ABOUT THIS EXERCISE → Lines to restate from the data below: from the one containing "Unbranded source-check pathway" to the one containing "Blue Decorative Border", both included. Give them again exactly, and only them.

DATA FOR ANALYSIS →
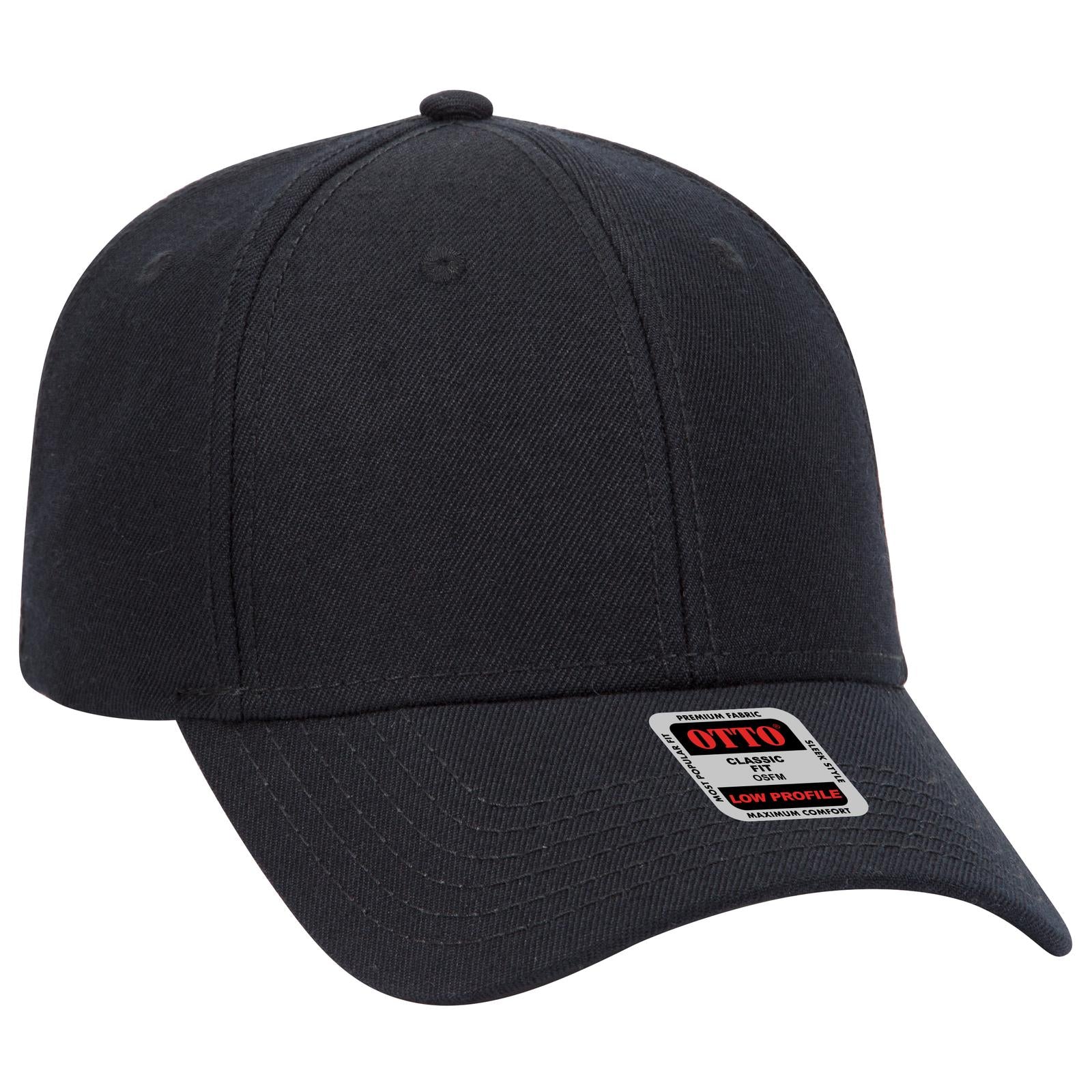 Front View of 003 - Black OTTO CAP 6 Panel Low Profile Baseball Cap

* * *

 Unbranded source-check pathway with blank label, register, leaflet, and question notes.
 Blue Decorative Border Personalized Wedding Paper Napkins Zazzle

TASK OUTPUT →
 Unbranded source-check pathway with blank label, register, leaflet, and question notes.
 Blue Decorative Border Personalized Wedding Paper Napkins Zazzle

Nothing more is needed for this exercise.